**Try it:** Quote the listing below in full and exactly as written, but omit every picture.

· · · · ·

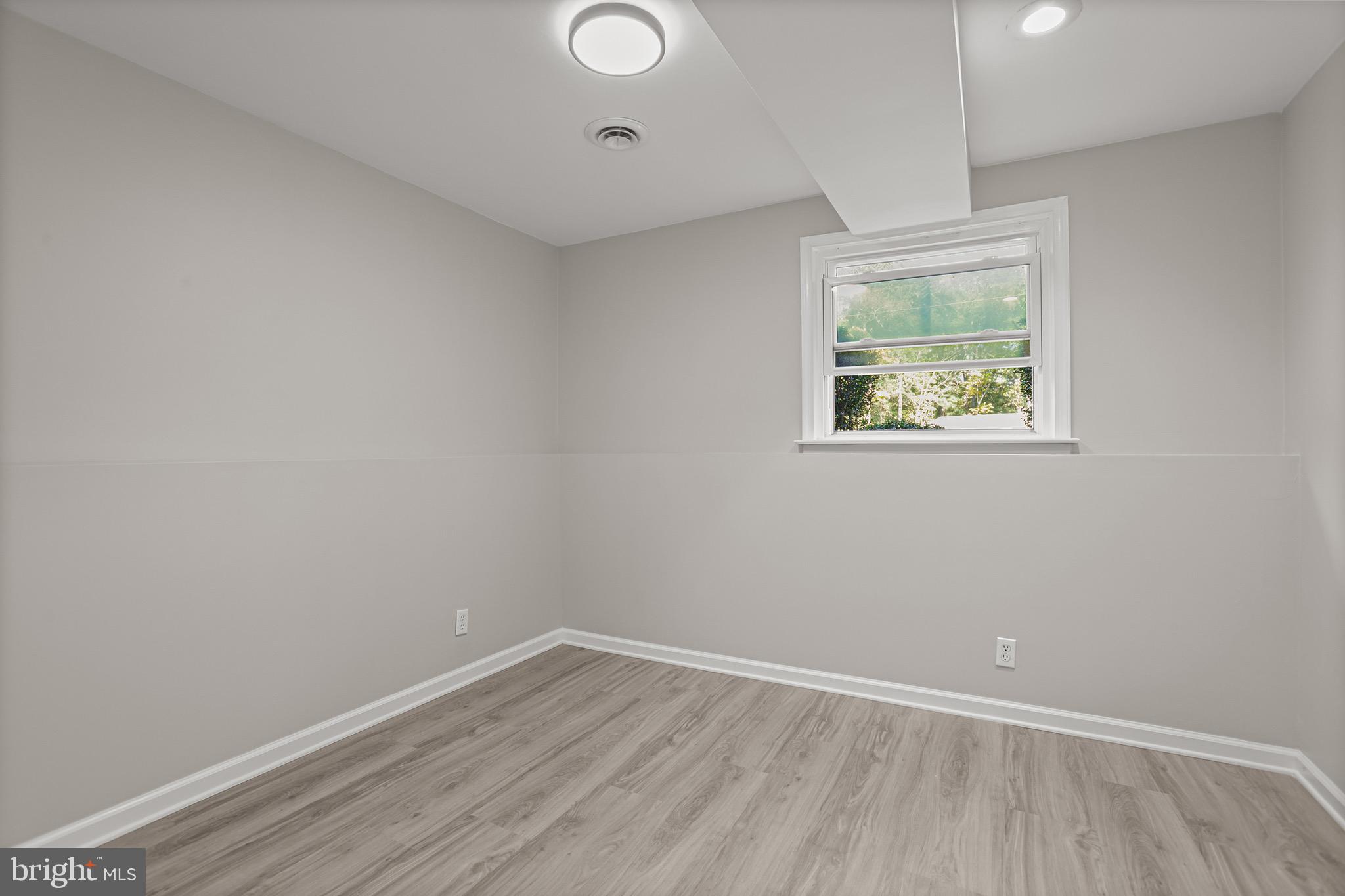 GLEBE HARBOR - Residential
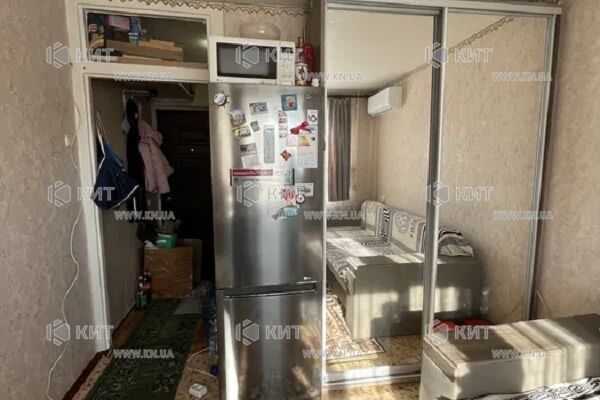 Продаж квартири Харків, ХТЗ, Рогань, 19.2м²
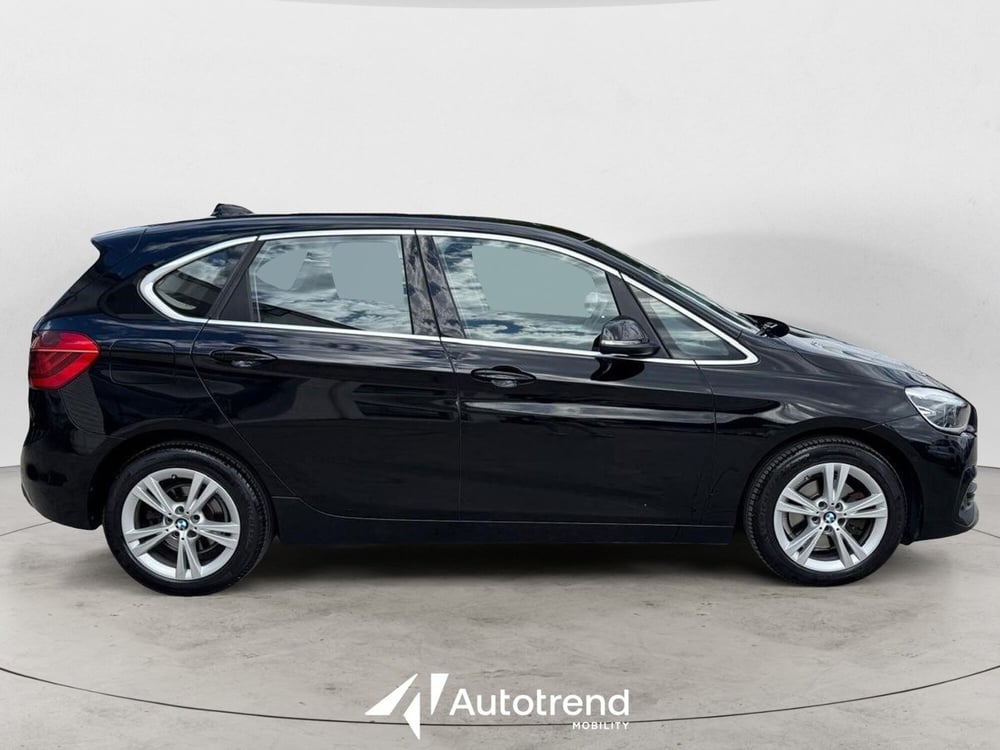 BMW Serie 2 Active Tourer usata a Bari (4)
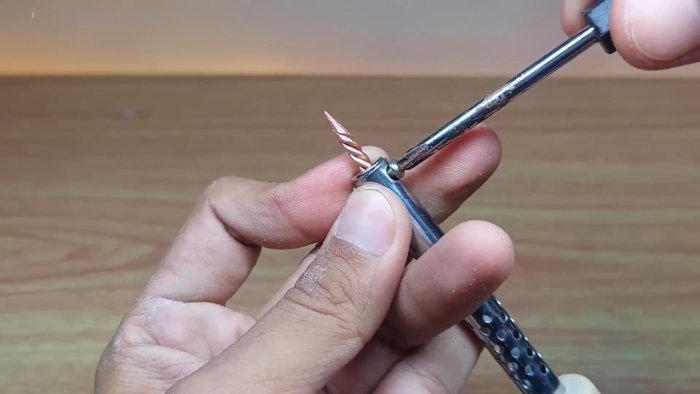 Как быстро сделать жало для паяльника из того что есть под рукой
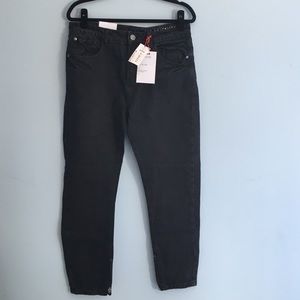 NWT Cotton On black boyfriend jeans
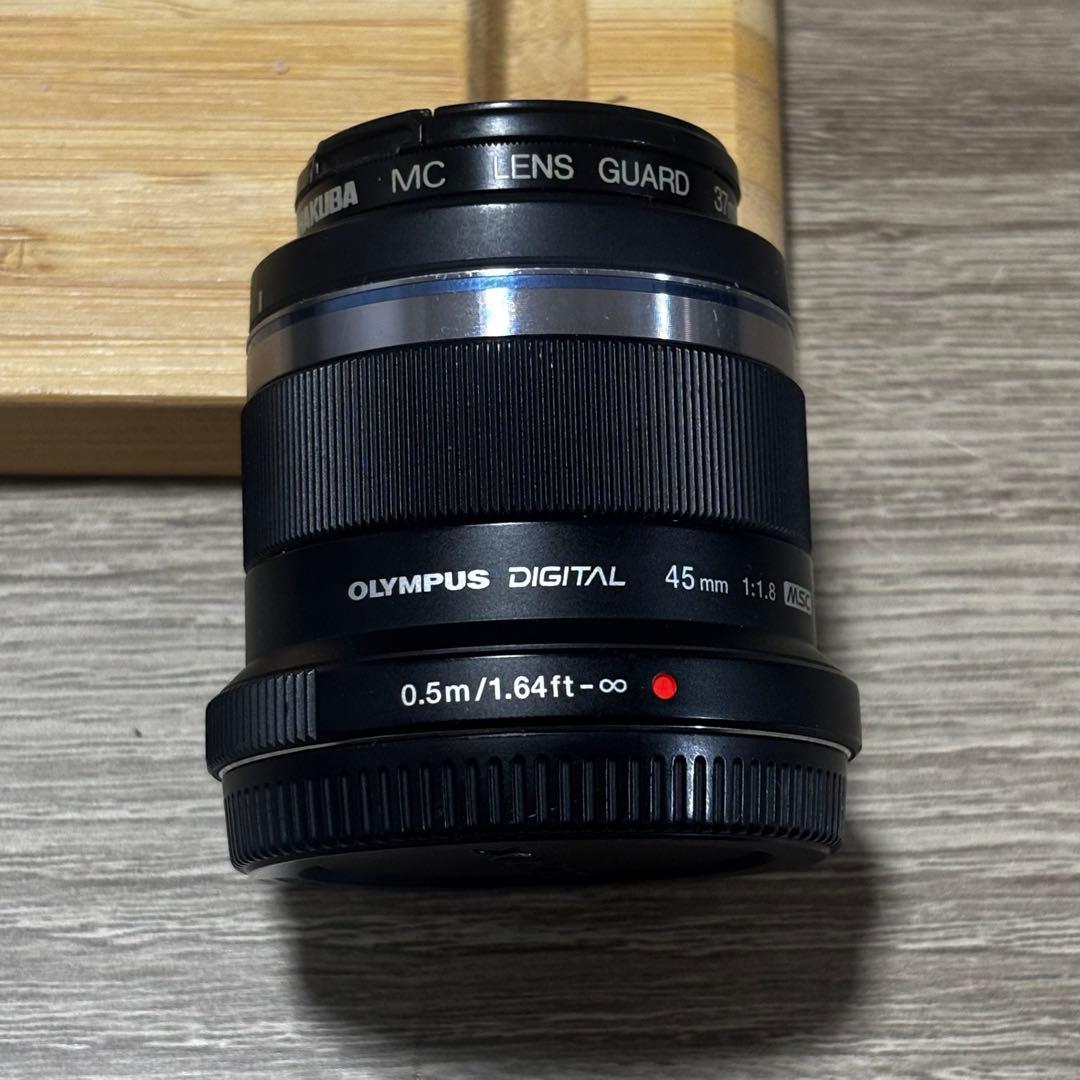 OLYMPUS OM-D E-M5 Mark II 本体＋レンズ4種＋ケース付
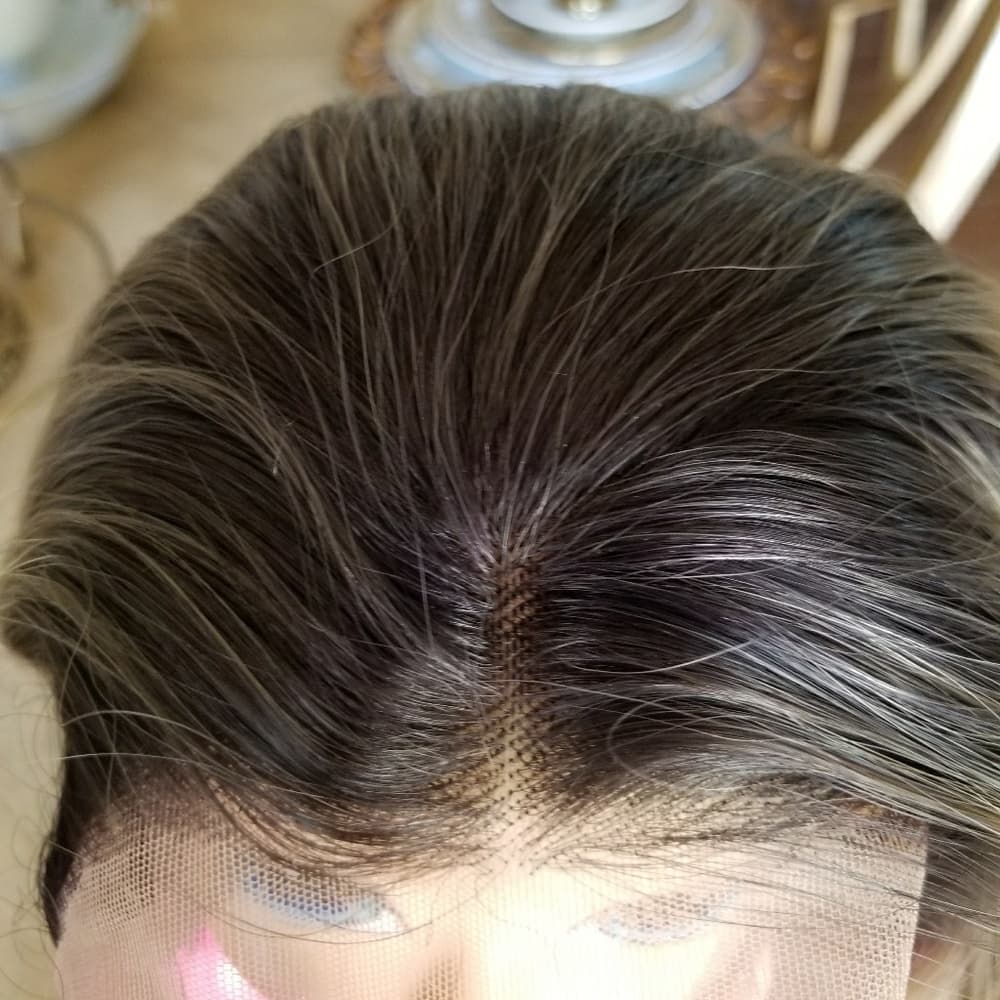 Ombre Blonde Beauty LaceFront Wig 22-26 inches!! - Thumbnail 2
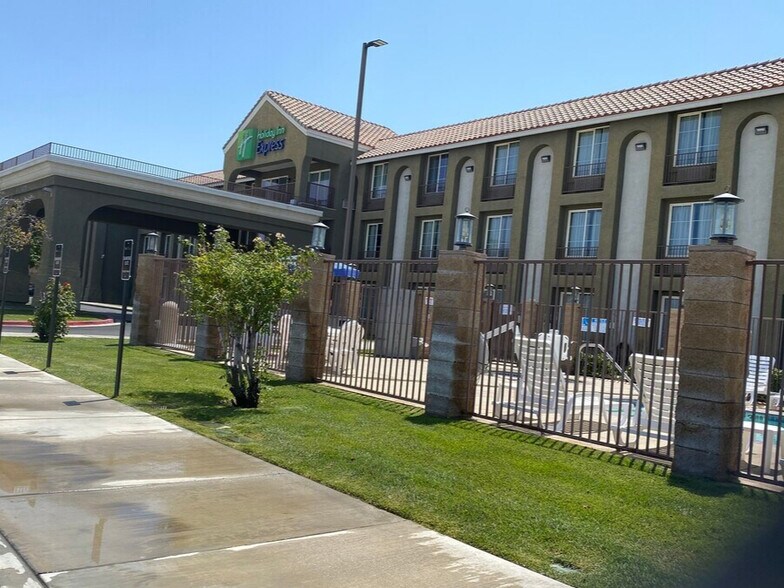 43719 17th St W, Lancaster, CA à vendre - Photo du bâtiment - Image 2 de 21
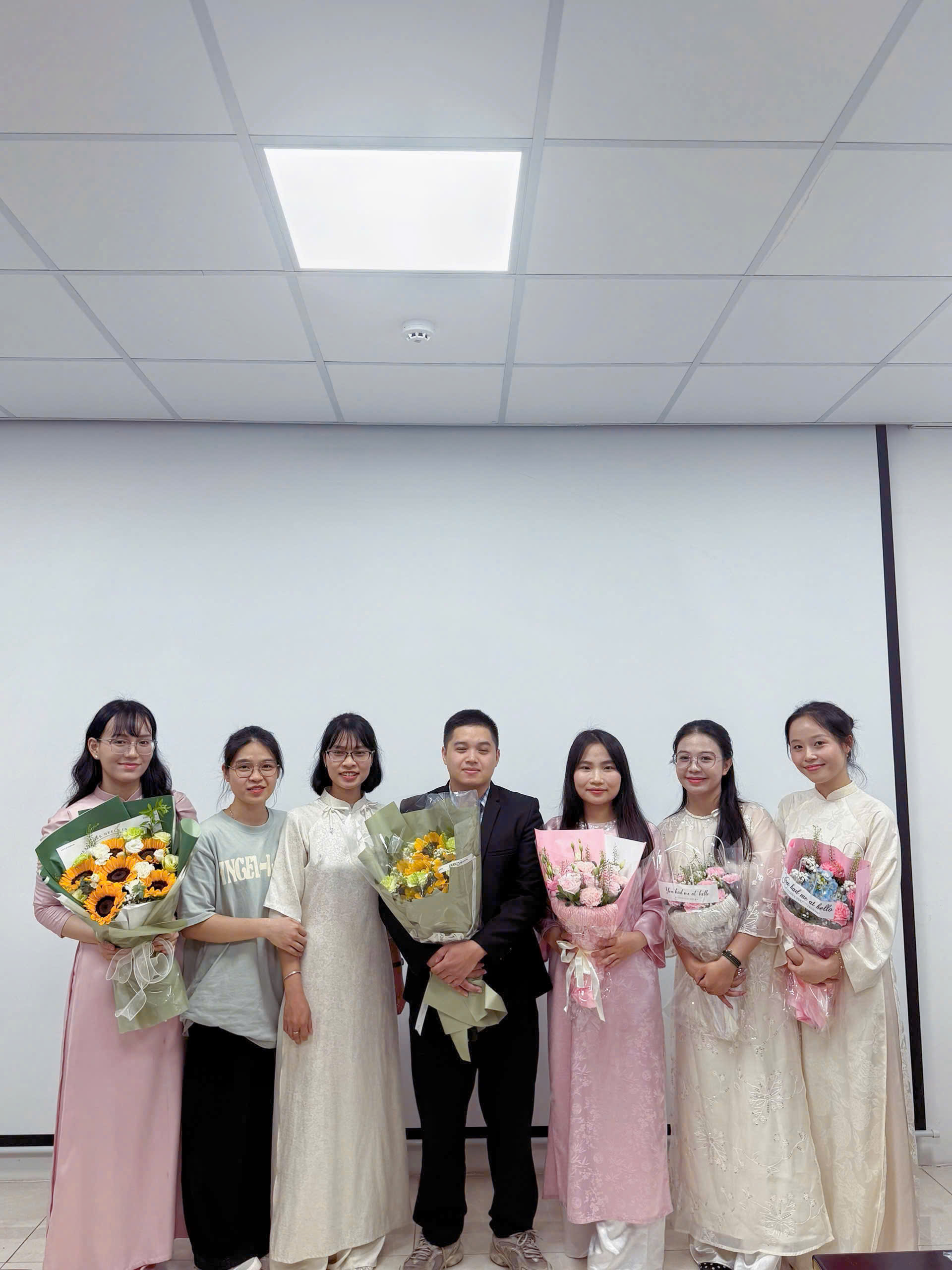 Sự kiện bảo vệ KLTN QH2021 Dược 1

· · · · ·

**Result for this task:**
 GLEBE HARBOR - Residential
 Продаж квартири Харків, ХТЗ, Рогань, 19.2м²
 BMW Serie 2 Active Tourer usata a Bari (4)
 Как быстро сделать жало для паяльника из того что есть под рукой
 NWT Cotton On black boyfriend jeans
 OLYMPUS OM-D E-M5 Mark II 本体＋レンズ4種＋ケース付
 Ombre Blonde Beauty LaceFront Wig 22-26 inches!! - Thumbnail 2
 43719 17th St W, Lancaster, CA à vendre - Photo du bâtiment - Image 2 de 21
 Sự kiện bảo vệ KLTN QH2021 Dược 1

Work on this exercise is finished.